Le lendemain, soit le 17 juin 1800, trois Azharites furent décapités devant Sulaïmân, le quatrième réussit à fuir. Ensuite le bourreau brûla la main droite de Sulaïmân jusqu’au coude et procéda à son empalement. Malgré l’horreur, Sulaïmân se comporta courageusement en récitant « al-Shahâdah » (la profession de foi musulmane) et des versets du Coran. Le supplice de Sulaïmân dura pendant quatre heures, où il resta vivant jusqu’à ce qu’un soldat français compatissant lui donna à boire, ce qui entraina sa mort immédiate.8
L’esprit scientifique n’étant jamais absent, Larrey, le médecin militaire en chef récupéra la dépouille de Sulaïmân al-Halabi pour sa collection. Le crâne de Sulaïmân, comme indiqué plus haut, fut montré pendant des années aux étudiants de Médecine à Paris « pour leur faire voir la bosse du crime et du fanatisme avant de finir au Musée de l’Homme »1 en tant que « criminel », en attendant enfin qu’il ait la place qu’il mérite en tant que héro, résistant et martyr.
Notes :
1. Dans « L’Expédition de l’Egypte » de Henry Laurens.

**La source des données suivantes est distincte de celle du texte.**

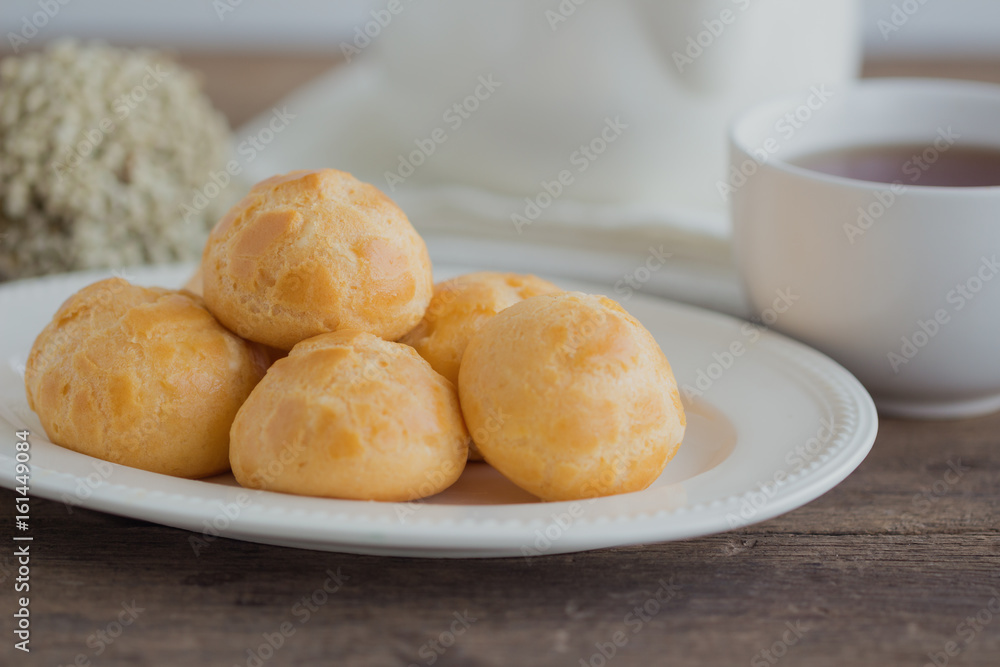 Homemade cream puffs filled with vanilla custard cream. Cream puffs or choux or eclairs in white plate on rustic wood table. Golden choux pastry for coffee break or tea time. Natural tone style. Homemade cream puffs filled with vanilla custard cream. Cream puffs or choux or eclairs in white plate on rustic wood table. Golden choux pastry for coffee break or tea time. Natural tone style.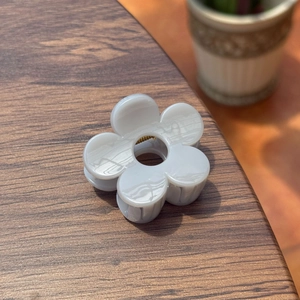Vue détaillée de la pince à cheveux en acrylique blanc en forme de fleur à cinq pétales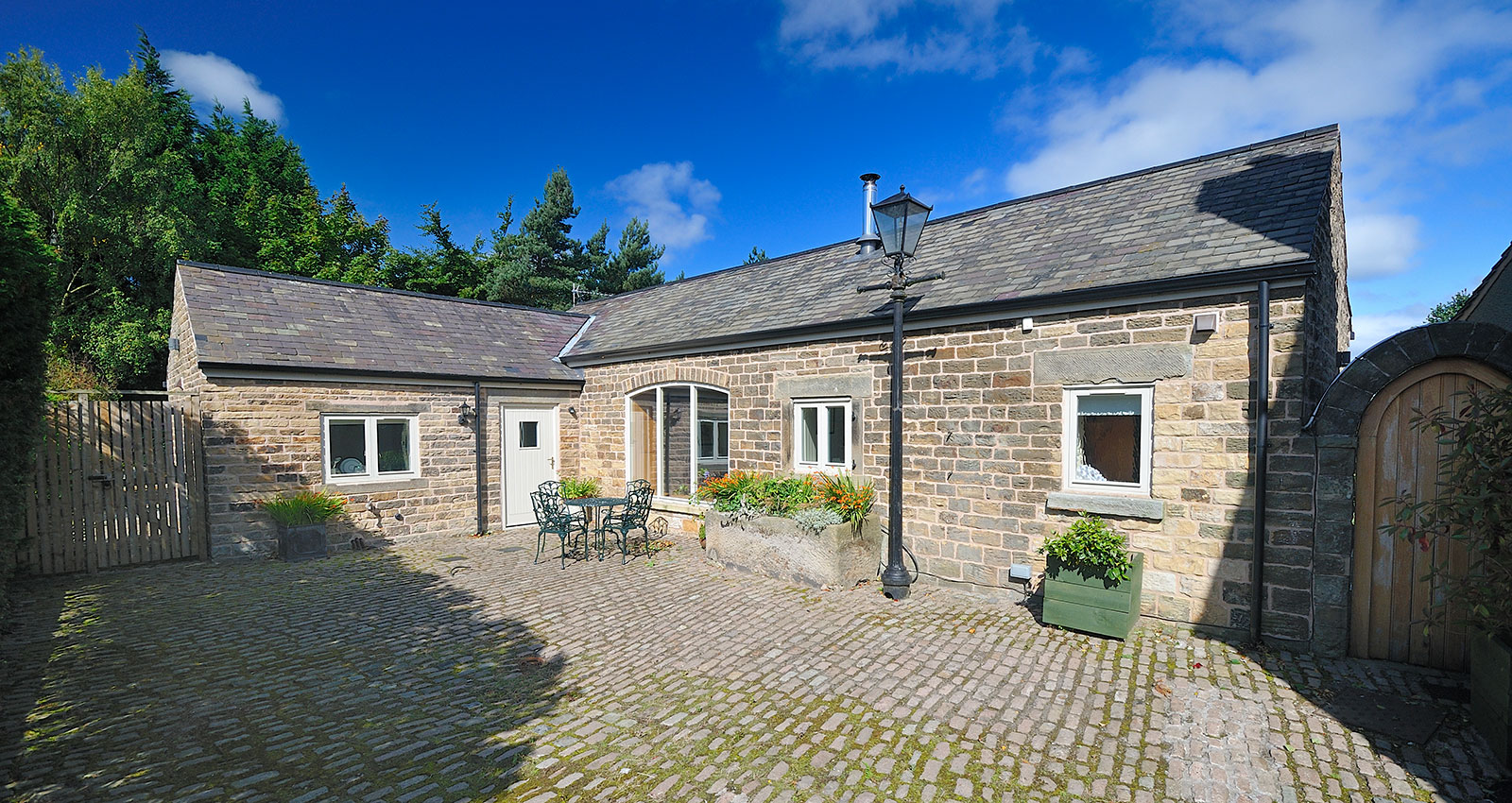 Exterior of Gooseberry Farm Cottages showing traditional stone buildings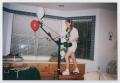 Photograph: [Photograph of a TAMS student on an exercise machine]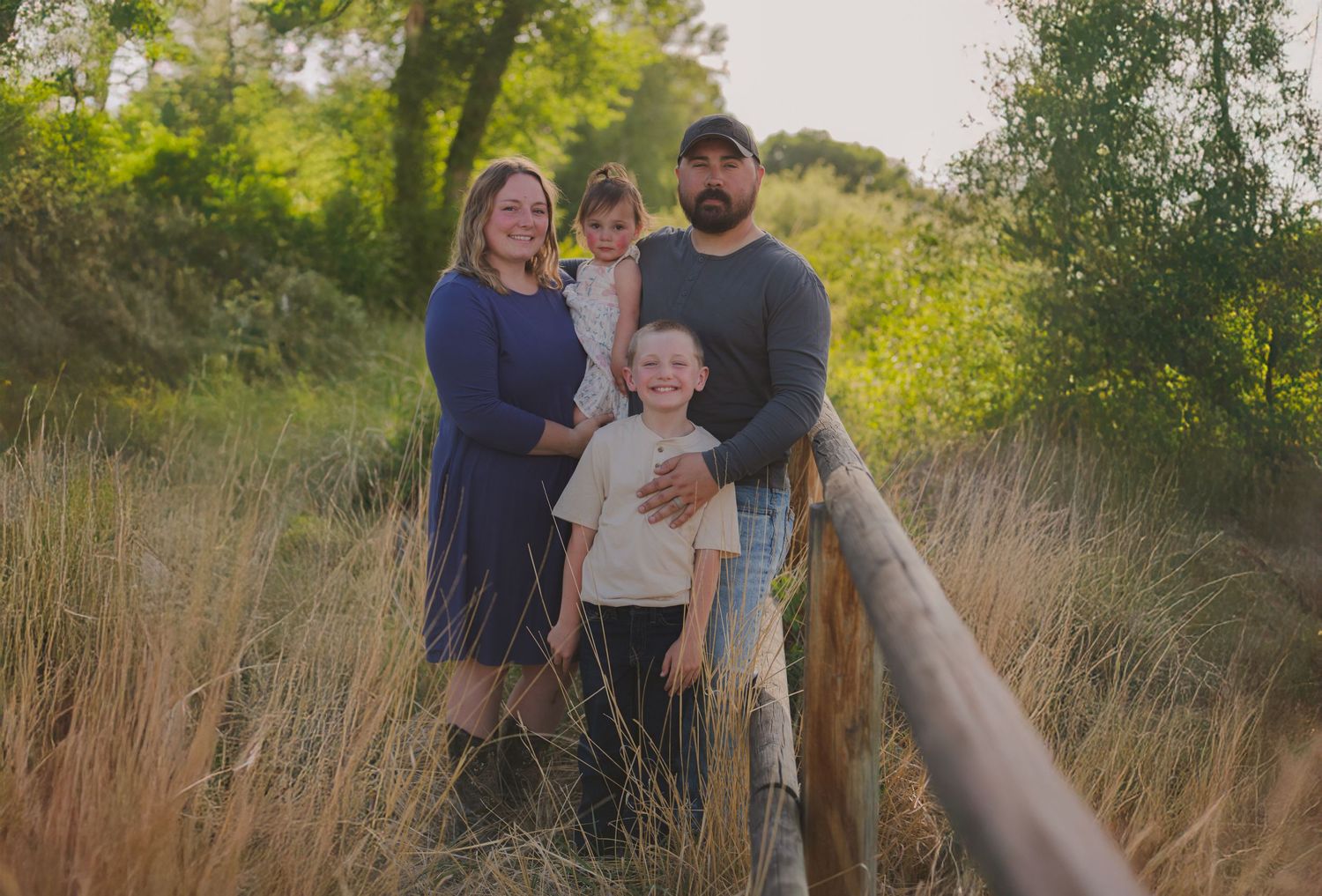 A group stands together on a wooden walkway surrounded by tall grass and trees during golden hour.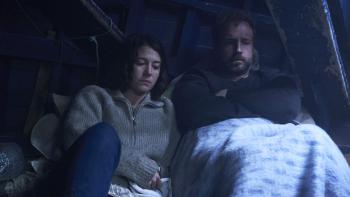 Rich Flu: A man and woman sitting close together under a blanket, appearing thoughtful and somber
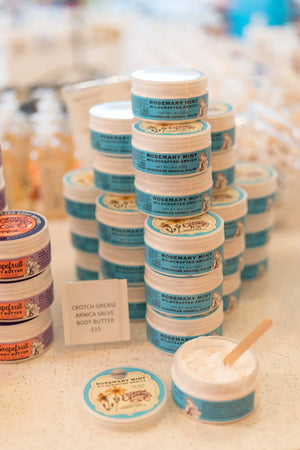 Stacked jars of Rosemary Mint Wildcrafted Arnica Salve and Grapefruit Body Butter.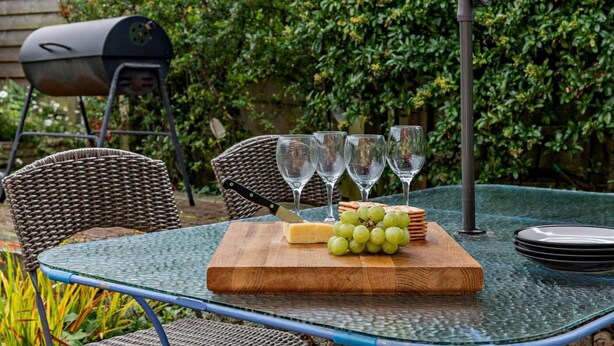 Een terras met rieten stoelen, een glazen tafel, een houten snijplank met kaas en druiven, en een barbecue op de achtergrond.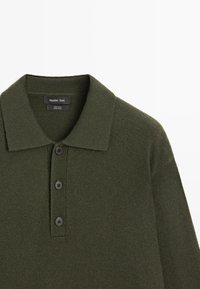 Oliwkowa wełniana koszulka polo z żebrowanym kołnierzykiem, trzema czarnymi guzikami i teksturowanym wzorem dzianiny. Metka marki widoczna wewnątrz kołnierzyka.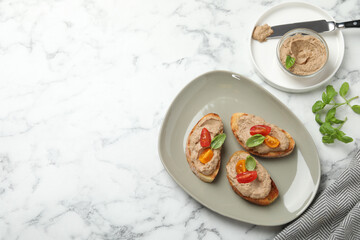 Slices of bread with delicious pate, tomatoes and basil on white marble table, flat lay. Space for text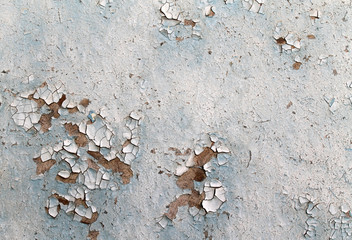 Old wooden background with remains of pieces of scraps of old paint on wood. Texture of an old tree, board with paint, vintage background peeling paint. old blue 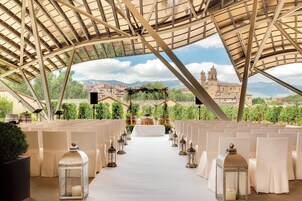 Espaço para casamento ao ar livre com fileiras de cadeiras brancas e um corredor branco, uma cobertura acima e vista para um edifício histórico ao fundo.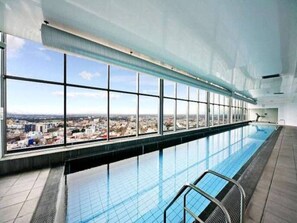 Una piscina interior amb vistes a la ciutat, grans finestres i un disseny modern.
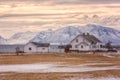 Beautiful norwegian winter sunset landscape, white house on the seacoast on the snowy rocky mountains background Royalty Free Stock Photo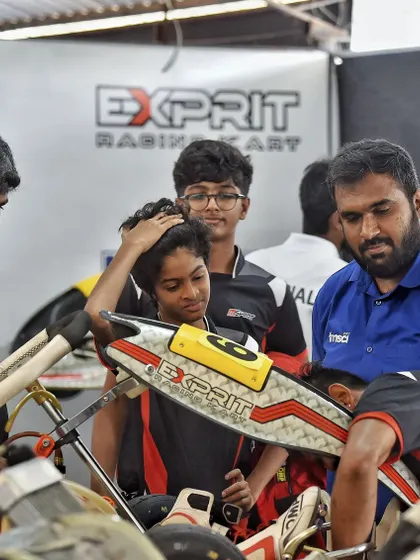 A young driver receives guidance in the pits. We foster a learning environment where experienced mechanics and coaches support emerging talent.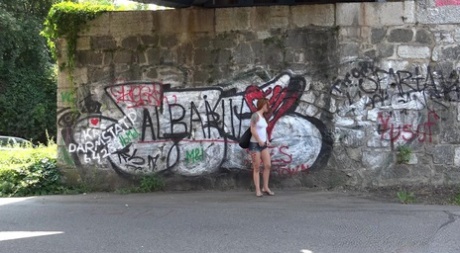 Redheaded girl Foxie T takes a pee under an overpass during the day 91917018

2. Propos de Talleyrand, Ministre des Relations extérieures du Directoire, cité par H. Laurens dans « L’Expédition de l’Egypte».
3. Dans « L'orientalisme aux XVIIe et XVIII e siècles » de H. Laurens, in « L'Orient : Concept et Images », XVe colloque de l'Institut de Recherches sur les civilisations de l'Occident moderne, sur http://www.books.google.fr/.
4. La déclaration de Bonaparte sur http://fr.wikisource.org/.
5. Dans « La révolte du Caire et dans le delta » de SPILLMANN Georges sur http://www.napoleon.org/.
6. Dans « La campagne d’Egypte » de HOURTOULLE François-Guy sur http://www.napoleon.org/.
7. Dans « L'Egypte française, du départ de Bonaparte à l'assassinat de Kléber (23 août 1799 - 14 juin 1800) » de BATTESTI Michèle sur http://www.napoleon.org/.
8. Dans « L’Expédition de l’Egypte » de Henry Laurens.